The successes in schools in England this year are many and real. Standards of pupil achievement and teaching are satisfactory or better in the majority of schools. Examination results in both GCSE and A-level are comparable with standards achieved in recent years. The social and the moral development of pupils are secure and standards of behaviour are generally good. There are some signs of improvement in the curricular provision for pupils with special educational needs.

It is not possible to say whether schools are providing a better education than they were 12 months ago. What is clear is that while teachers secure satisfactory standards of achievement in the majority of lessons observed by inspectors, there are unacceptably wide variations between what is achieved by different schools and there are particular weaknesses in key stages 2 and 3. What does inspection tell us about the reasons for these problems?

Overall standards of pupil achievement need to be raised in about half of primary and two-fifths of secondary schools. The most successful secondary schools achieve GCSE results twice as good as others in similar socio-economic circumstances and six times better than those achieved by the least successful in less favoured areas. We do not yet have similar data for primary schools, but there is little reason to suppose that similar differences in school performance do not exist in this phase too. The good news is, first, that some schools are achieving so well, and, second, that we now (for at least the secondary phase) have mechanisms in place to identify and learn from their success. The bad news is that there are still too many schools which are failing to give their pupils a satisfactory education.

Three issues need special comment: standards in literacy; standards in numeracy; and the quality of teaching in key stages 2 and 3.

Most pupils make reasonably sound progress in literacy, but that there is an urgent need to tackle mediocre and poor standards of literacy in many schools. Such schools should review the quality and consistency of teaching in order to set and achieve higher targets in literacy, especially in KS2, where the good start made prior to and in KS1 is often not sustained.

While the amount of time spent in primary schools on number work is high compared with that spent on other aspects of mathematics, the progress and attainment of pupils in this crucially important attainment target remain disappointing. Inspection findings suggest, moreover, that overall achievement in number is less than in other basic skills in key stages 1 and 2. Schools must ask themselves how their teaching methods and materials can be improved.

Turning to KS2 generally, a slowing in pupil progress, particularly in Years 3 and 4, has become a worryingly persistent feature of inspection findings in recent years. This dip in pupils’ performance is strongly associated with a fall in the quality of teaching. The majority of primary schools enable children to make a good start on the national curriculum with work matched well to their developing abilities. In KS2, at a critical stage, too many pupils mark time. Primary schools need to be more vigilant in tracking pupils’ progress and in monitoring the teaching they receive.
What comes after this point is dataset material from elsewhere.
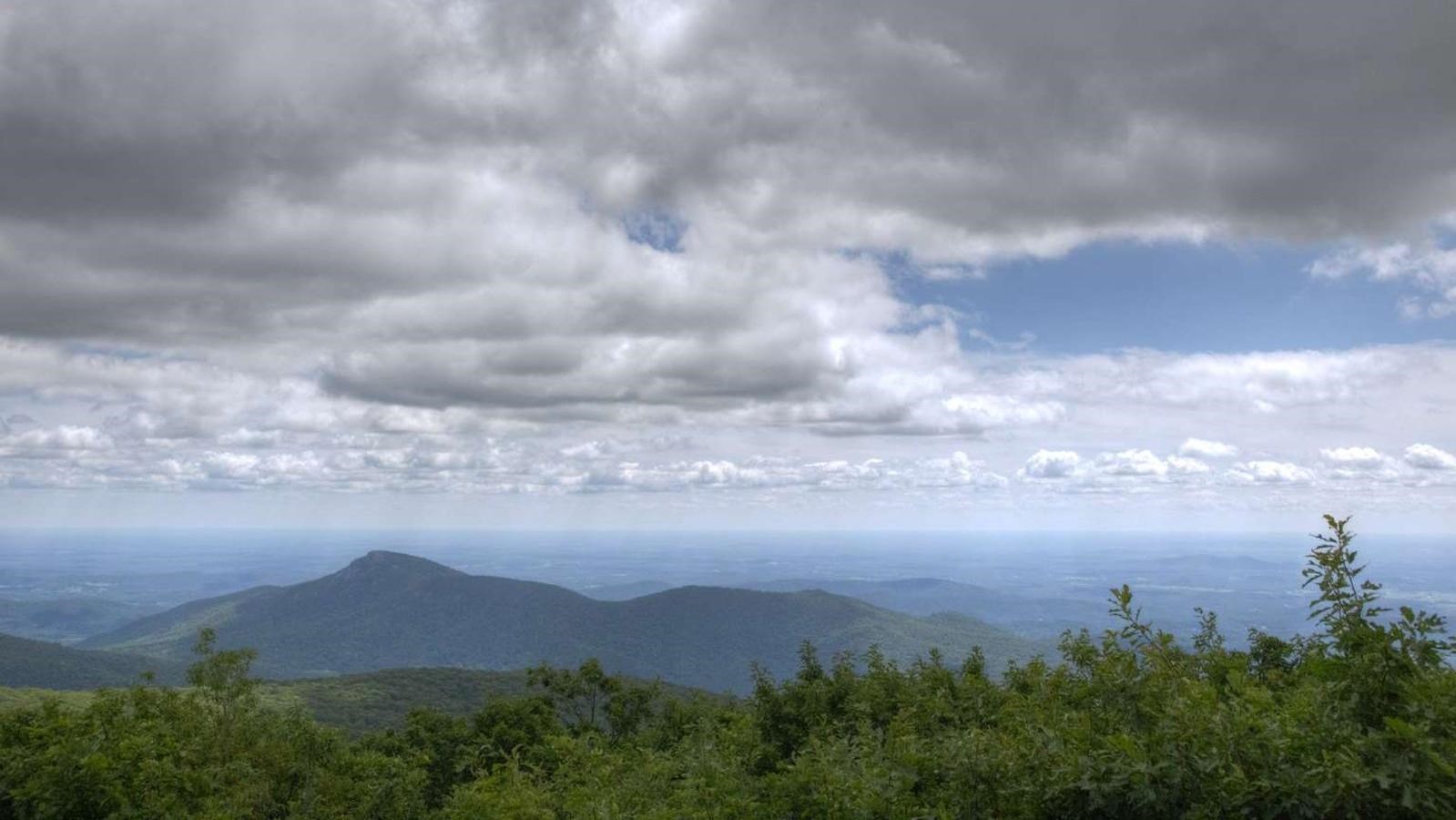 A view over a line of trees with mountains descending into a rural valley below.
Standards of achievement in KS3 are too low for two reasons. First, curriculum liaison between primary and secondary schools is often insecure or non-existent. KS3 pupils are often taught by the least well-qualified or least experienced members of staff. Inspection evidence shows that the quality of teaching is lower in KS3 than in KS4 and some schools would do well to focus attention on how this disturbing fact might be remedied.

Inspection also shows that the performance of a small minority of teachers is consistently weak. There appears to be an agreement in principle that it is in nobody’s interests for such teachers to remain in the profession. That agreement must now be translated into management action. It is important to stress that a doctrinaire commitment to any one approach will necessarily render lessons less effective. The balance which is struck between individual, group and whole-class teaching remains a particularly important and contentious issue. Inspectors’ evidence shows that whole-class teaching figures significantly in seven-tenths of lessons judged to be good. This is not to say that all teaching should be whole-class teaching. It does, however, suggest that primary schools, in particular, should monitor the use made of these different organisational strategies.

There is a need for considerable improvement in provision of books in half of special, a quarter of secondary and one in seven primary schools. There are similar serious deficiencies in equipment in one in three special, one in seven secondary and one in nine primary schools. A significant number of schools have problems with their buildings. At least one primary school in seven and one secondary school in five suffers from cramped classroom spaces, poor or non-existent facilities for art, design and technology or science, or a limited playground area.

Teachers who lack proper resources or who work in poor buildings experience problems which at best frustrate and at worst defeat their best efforts to do a decent job. The inspection evidence confirms, however that effective teaching depends upon more than the physical context in which the teacher works. Bad teaching is to be found in new, well-resourced schools.